More subtly, during the Afghanistan mission our military always made sure the Canadian battle group operated side by side with U.S. and British units rather than far less trusted NATO-European forces.

Today, Anglosphere advocates seem hostile toward President Barack Obama, who appears to be no great fan of Britain, or the so-called special relationship that some of his predecessors liked to encourage.

Still, Obama has moved closer to Australia in the Pacific, to the point of basing U.S. Marines there for the first time since the Second World War — a powerful signal to other Pacific nations like China.

As for Canada, and our frugal sharing of closets, hat racks, printers, reception halls and portraits of the Queen with British (and Australian diplomats), this will undoubtedly seem to many countries as an irrelevant embrace signifying little.

And perhaps it is. But not among Anglosphere dreamers. For them, the headlines created in Canada and Britain brought welcome new attention back to the Anglo world's distinctive alliances. And on this message expect them to be nothing if not persistent.

Since the Anglosphere idea is based more on common language and culture, it is essentially open ended. There is no reason not to welcome India or the nations of the Carribean into the Anglosphere. Similarly, since it is based on common culture and values, it is easy for members to detach themselves as well.

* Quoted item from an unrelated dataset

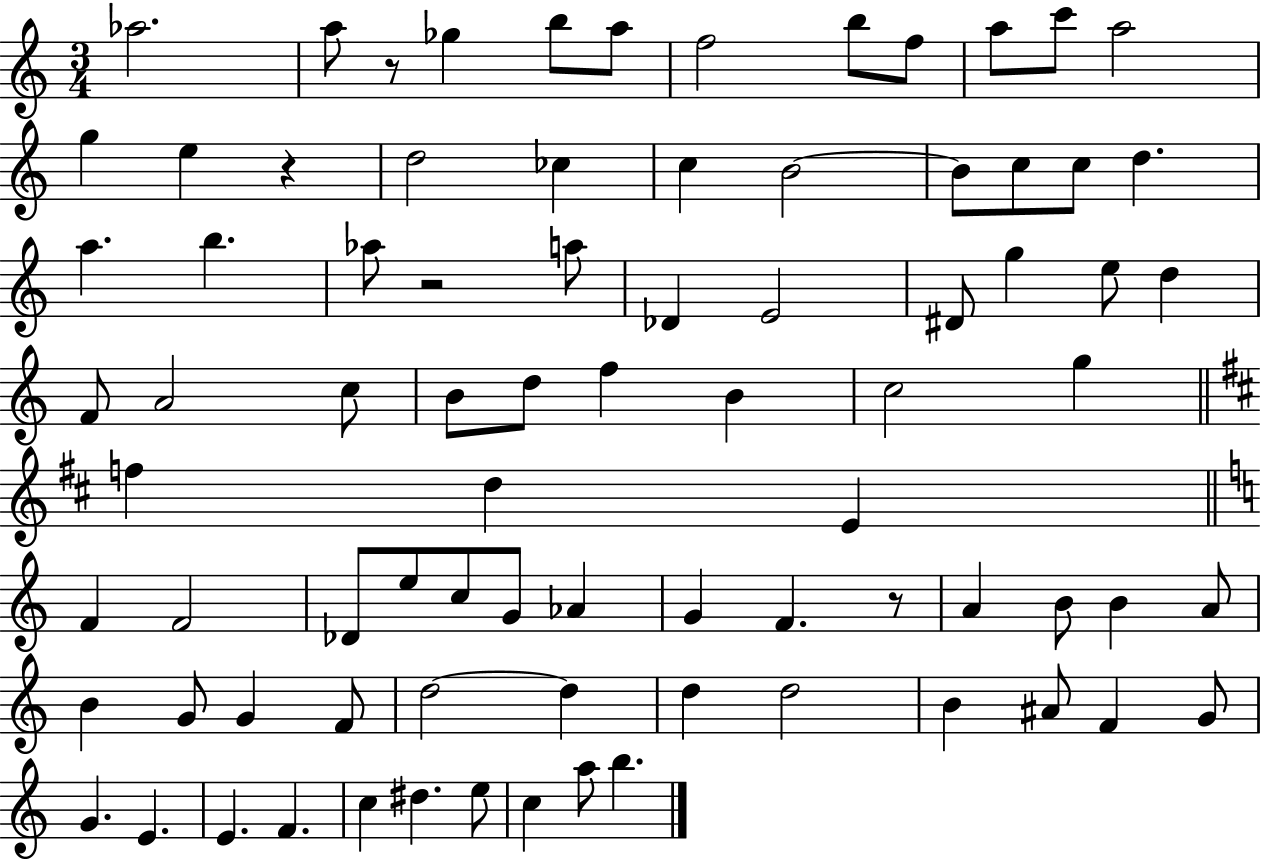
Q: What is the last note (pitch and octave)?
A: B5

A "Formal" anglosphere would suffer the way other large bureaucratic enterprises have over the years, far better an informal set of relationships with the abiltiy to form "Tiger teams" to deal with pressing issues. We seem to be doing it right at the current time.


 
Prime Minister Steven Harper's acceptance speech for "World Statesman" award.

http://link.brightcove.com/services/player/bcpid868989705001?bckey=AQ~~%2CAAAAybGjzqk~%2C6NfTc6c241GVQxOh-GBHNHu5Cuhlf-y9&bctid=1866635685001
 
Sythen said:
Prime Minister Steven Harper's acceptance speech for "World Statesman" award.

http://link.brightcove.com/services/player/bcpid868989705001?bckey=AQ~~%2CAAAAybGjzqk~%2C6NfTc6c241GVQxOh-GBHNHu5Cuhlf-y9&bctid=1866635685001

Great speech by Mr. Prime Minister! I am proud of the GoC
 
More on shared embassies, leading to the whole Anglosphere idea via a small rant about American decline from Conrad Black, reproduced under the Fair Dealing provisions of the Copyright Act from the National Post:

http://fullcomment.nationalpost.com/2012/09/29/conrad-black-the-british-commonwealth-will-rise-again/
The British Commonwealth will rise again

Conrad Black

Sep 29, 2012

John Baird and his British analogue, William Hague, should be congratulated on their innovative arrangement to share embassy facilities. Some opposition members of Parliament’s first utterances about the plan evinced their fear that Canada would be assumed to be retreating back into colonial subservience to Great Britain — but that’s just evidence of their congenital sense of inferiority. For those preoccupied with the relationship between this country and the United Kingdom, precisely the opposite inference should have been drawn. Canada and Great Britain are historically and ceremonially linked G-7 powers, both among the 10 or 12 most important of the world’s 195 independent states. They are perfectly capable of collaborating on a basis of complete equality.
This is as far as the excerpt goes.